▶ **PROBLEM TO SOLVE**
The data that follows must be transcribed in full and exactly, minus the pictures.

▶ **DATA SECTION**
----------------
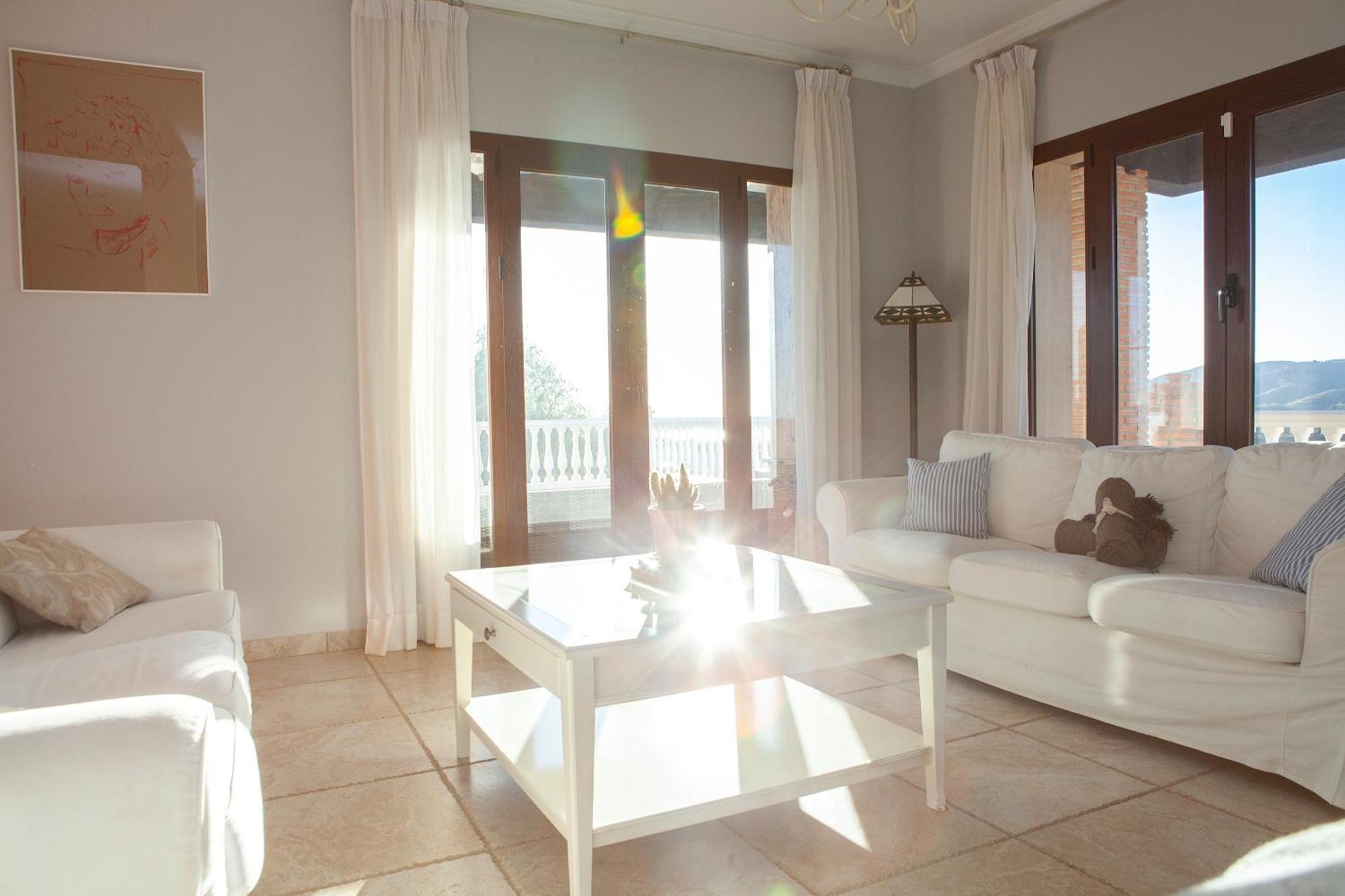 Villa El Palomar Azul With Pool And Sea View Benajarafe Kültér fotó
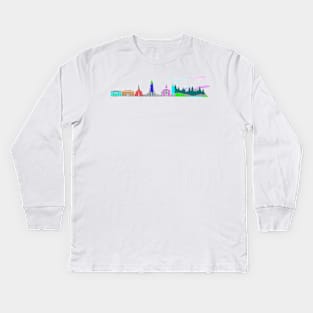 Reykjavik buildings Kids Long Sleeve T-Shirt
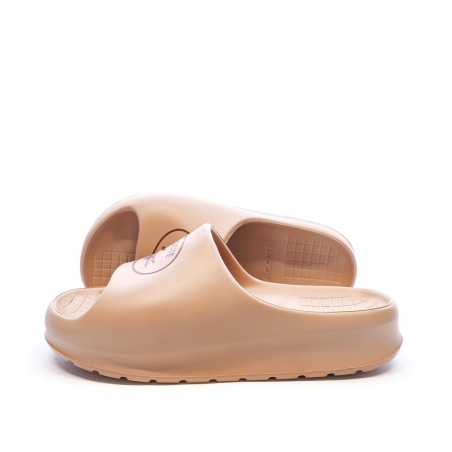 Claquettes Vieux Rose Femme Lacoste Serve Slide 2.0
----------------
▶ **SOLUTION TO THE PROBLEM**
 Villa El Palomar Azul With Pool And Sea View Benajarafe Kültér fotó
 Reykjavik buildings Kids Long Sleeve T-Shirt
 Claquettes Vieux Rose Femme Lacoste Serve Slide 2.0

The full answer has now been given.